> Work item
Your task is to gather the lines below that hold the string "Star".
#### Data for this exercise
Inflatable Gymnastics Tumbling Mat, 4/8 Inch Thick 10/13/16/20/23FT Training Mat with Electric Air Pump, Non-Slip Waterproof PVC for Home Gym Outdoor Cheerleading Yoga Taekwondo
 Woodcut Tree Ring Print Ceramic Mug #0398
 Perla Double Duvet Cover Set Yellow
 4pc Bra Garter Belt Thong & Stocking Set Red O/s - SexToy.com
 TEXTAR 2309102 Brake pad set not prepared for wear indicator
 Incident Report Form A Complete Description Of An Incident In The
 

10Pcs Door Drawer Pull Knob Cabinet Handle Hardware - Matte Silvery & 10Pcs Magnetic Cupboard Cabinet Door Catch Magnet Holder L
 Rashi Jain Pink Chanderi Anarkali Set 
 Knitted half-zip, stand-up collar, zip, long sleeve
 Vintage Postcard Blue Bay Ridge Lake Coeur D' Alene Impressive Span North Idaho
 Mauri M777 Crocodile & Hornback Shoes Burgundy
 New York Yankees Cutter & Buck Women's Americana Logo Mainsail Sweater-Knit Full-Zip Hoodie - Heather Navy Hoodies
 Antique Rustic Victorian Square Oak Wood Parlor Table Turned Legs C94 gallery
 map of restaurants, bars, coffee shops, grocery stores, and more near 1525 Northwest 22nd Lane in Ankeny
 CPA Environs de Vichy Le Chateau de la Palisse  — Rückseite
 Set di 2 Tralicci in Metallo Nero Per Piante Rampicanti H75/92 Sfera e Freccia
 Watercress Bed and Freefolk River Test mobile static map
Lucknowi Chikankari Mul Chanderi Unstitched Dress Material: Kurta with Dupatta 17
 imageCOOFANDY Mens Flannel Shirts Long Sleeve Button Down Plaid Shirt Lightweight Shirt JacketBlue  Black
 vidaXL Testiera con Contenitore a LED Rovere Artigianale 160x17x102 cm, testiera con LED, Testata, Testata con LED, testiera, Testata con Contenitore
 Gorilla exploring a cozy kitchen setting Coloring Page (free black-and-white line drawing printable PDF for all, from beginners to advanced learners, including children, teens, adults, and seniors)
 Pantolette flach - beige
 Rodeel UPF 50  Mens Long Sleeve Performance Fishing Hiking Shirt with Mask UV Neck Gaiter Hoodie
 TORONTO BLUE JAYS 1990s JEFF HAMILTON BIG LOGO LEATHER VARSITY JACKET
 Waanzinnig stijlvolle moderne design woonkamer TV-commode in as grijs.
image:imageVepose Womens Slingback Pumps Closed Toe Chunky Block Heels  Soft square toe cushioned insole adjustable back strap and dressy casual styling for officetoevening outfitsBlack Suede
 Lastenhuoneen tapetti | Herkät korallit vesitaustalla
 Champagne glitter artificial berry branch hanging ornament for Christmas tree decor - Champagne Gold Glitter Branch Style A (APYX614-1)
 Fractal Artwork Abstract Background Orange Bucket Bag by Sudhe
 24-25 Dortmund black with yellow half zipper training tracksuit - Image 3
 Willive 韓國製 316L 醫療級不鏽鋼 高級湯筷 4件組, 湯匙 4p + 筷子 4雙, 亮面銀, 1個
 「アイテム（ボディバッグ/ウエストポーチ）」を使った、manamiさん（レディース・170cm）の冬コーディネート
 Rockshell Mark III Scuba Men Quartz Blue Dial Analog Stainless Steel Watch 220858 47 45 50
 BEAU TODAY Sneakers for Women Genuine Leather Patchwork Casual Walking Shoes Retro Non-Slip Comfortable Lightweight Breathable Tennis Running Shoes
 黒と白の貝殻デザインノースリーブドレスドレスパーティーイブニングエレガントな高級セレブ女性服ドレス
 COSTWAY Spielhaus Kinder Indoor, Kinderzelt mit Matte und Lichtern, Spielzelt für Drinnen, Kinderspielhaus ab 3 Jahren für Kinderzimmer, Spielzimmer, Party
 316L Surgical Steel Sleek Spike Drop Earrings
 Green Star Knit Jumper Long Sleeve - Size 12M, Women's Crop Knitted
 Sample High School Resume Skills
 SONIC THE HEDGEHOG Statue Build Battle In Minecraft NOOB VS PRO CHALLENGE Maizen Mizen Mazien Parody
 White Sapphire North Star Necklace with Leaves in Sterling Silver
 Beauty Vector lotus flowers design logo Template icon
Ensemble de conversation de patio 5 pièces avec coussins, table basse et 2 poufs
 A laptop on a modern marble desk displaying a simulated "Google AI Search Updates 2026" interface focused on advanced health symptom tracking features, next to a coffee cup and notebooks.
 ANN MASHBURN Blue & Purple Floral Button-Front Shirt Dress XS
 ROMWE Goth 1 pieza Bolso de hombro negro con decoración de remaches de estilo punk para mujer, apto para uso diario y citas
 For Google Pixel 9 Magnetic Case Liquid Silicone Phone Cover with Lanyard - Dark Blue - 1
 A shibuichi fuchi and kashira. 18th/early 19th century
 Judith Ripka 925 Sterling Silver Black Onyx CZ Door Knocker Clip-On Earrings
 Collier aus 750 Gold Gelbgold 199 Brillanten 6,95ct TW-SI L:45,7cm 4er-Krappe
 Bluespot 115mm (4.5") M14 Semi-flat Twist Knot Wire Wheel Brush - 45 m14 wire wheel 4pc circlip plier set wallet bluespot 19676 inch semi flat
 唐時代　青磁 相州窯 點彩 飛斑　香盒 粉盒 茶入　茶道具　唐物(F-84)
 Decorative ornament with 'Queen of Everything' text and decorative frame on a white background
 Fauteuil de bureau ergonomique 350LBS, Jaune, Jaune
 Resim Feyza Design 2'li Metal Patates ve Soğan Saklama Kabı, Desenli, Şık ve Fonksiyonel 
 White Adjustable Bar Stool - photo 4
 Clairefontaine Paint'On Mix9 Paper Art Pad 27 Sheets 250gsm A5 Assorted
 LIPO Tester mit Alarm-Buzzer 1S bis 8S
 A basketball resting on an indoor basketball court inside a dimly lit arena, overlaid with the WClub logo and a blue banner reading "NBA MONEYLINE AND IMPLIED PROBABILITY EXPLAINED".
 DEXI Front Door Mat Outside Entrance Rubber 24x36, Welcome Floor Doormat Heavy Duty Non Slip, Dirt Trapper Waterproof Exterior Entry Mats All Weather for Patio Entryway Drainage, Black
########
> Output for this task
 Green Star Knit Jumper Long Sleeve - Size 12M, Women's Crop Knitted
 White Sapphire North Star Necklace with Leaves in Sterling Silver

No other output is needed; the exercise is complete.